Saturday morning Aunt Ruth said what time is it, I said about 3 o'clock. We go up soon after and when we found out the time after leaving camp we figured it had been around 5 o'clock. She had asked me and I had answered and turned over to sleep. Said good by to the Bassfords and got out to the highway around 7:30. Waited until nine and saw the the Postman that was to pick us up go by without stopping with a look. We hiked to where they were graveling the road and got a ride as far as one of the gravel trucks went. We walked on and came to a point with a beautiful view [a?] road woundde with the up steeply below us. It proved to be our source of another ride. This time it was a truck carrying beach sand. I road with the folks in the back of the truck. Aunt Ruth rode with the driver. An oil truck met us and we transferred to it. He went farther than the other man. We road through beautiful forests on the old Coast route. Came to Hecata bridge, work is being pushed fast down here. Saw the entrance to the tunnel at the end of the bridge. Wound around the hill at Hecata Point and rode a few miles further. Walked through terrible dust and finally got a ride on a load of logs pulled by a Cletrack tractor. Rode to Ten Mile Creek and walked from there to a free auto camp. The scenery is beautiful from the road. There are man little coves, some wooded and some not. We stopped at one them for the night. All the evergreens are Spruce around here.
Dinner. Pancakes
Baked beans
Apples
Breakfast Pancake
Bacon
Apples

Sunday August 2nd.
Breakfast Pancakes
Bacon
Apples








Tuesday, July 26, 2011

Day 67 Coast Walk entry 11

Entry 11
In which it is evident Ruth was not as invested in the argument as was Matt. No photos today.

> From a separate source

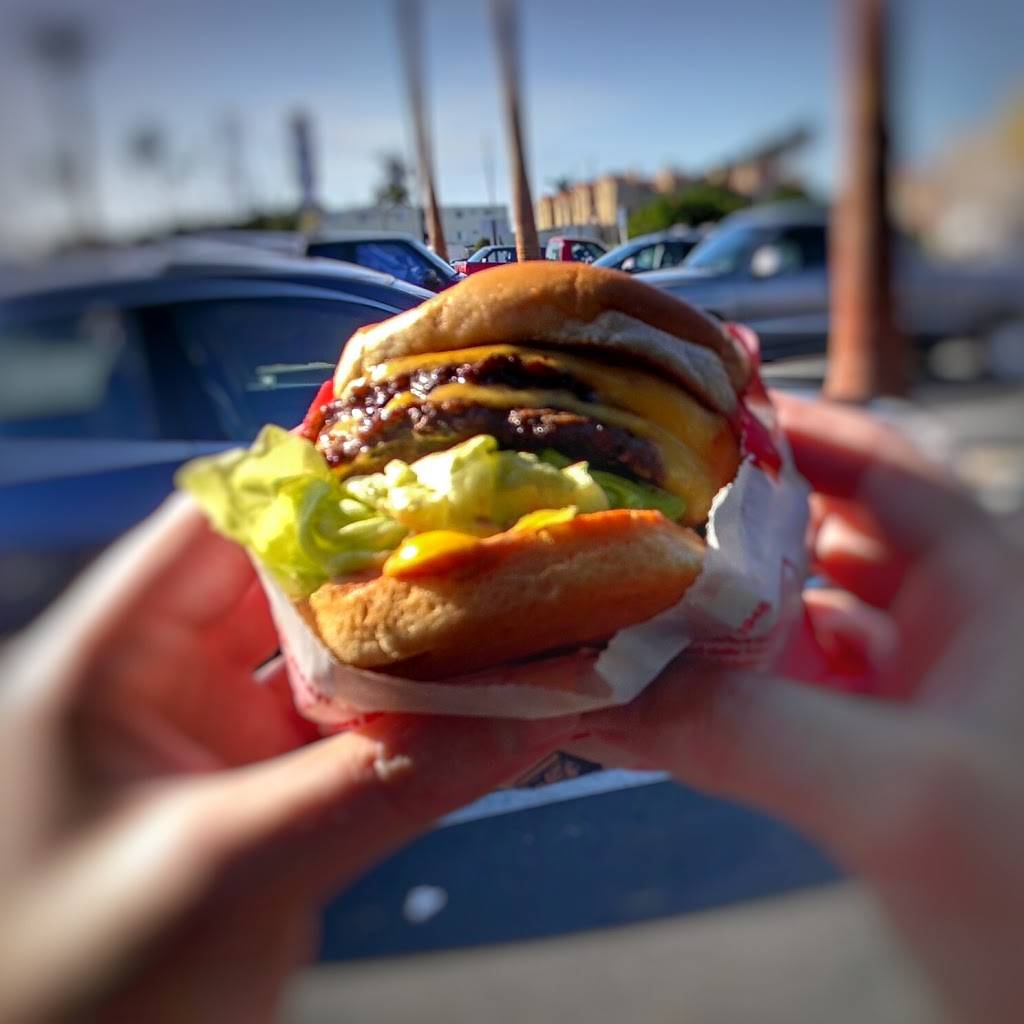 In-N-Out Burger | restaurant | 600 N Sepulveda Blvd, Los Angeles, CA 90045, USA | 8007861000 OR +1 800-786-1000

[In Ruth's hand in red ink as commented upon later]

Lake Munsel
Friday July 31, 1931
Florence Ore.
Breakfast – bacon, eggs, pancakes blackberries and cocoa.
We intend to start on for Heceta point as soon as our washing dries.
Matt is having a lovely time laughing at what he thinks is my lack of reason.
This has been a delightful camp. We get our drinking water from the pump on the owners back porch. There are cottages for rent but we have stuck to our tent under the trees.
Mr and Mrs Basford have 160 acre homestead here. There are three pretty lakes among the wooded snad hills. Yesterday afternoon we took a trail around the sand dunes and thru the woods to visit the other lakes and to pick black berries.
Yesterday Mr Basford took me to town to buy supplies and a fishing lisence [sic]. Matt and I caught one nice bass. I tried again in the evening but was unsuccessful.
There was a heavy mist over everything this morning so we got up early and went down by the bathing house for a bath. It surely felt good to clean up and change clothes.
[the rest is in pencil]
These are red letter days but that is not the reason for the red ink. We lost one fountain pen and the second one had poor ink and rand dry. [which of course does not explain where the red ink came from]
This has been a lazy day – have done nothing new. But Mrs Basford took us to town where we leared our films had been found and sent on to Portland. We bought supplies and tried to find the Rural Delivery postman to arrange for a ride to Hecketa [she continues to experiment with the spelling of this locale] Point on Yahats. The Ford Garage took our message to have the Postman pick us up. The Garage people were also very nice about cashing a traveler's check.
Cottages here went for $8.00 per week or $1.50 per night. G. C. Basford Florence Ore. on Lake Munsel.
[The address apparently provided as a plug for Mr Basford to future readers of the journal, as seemingly is the following menu]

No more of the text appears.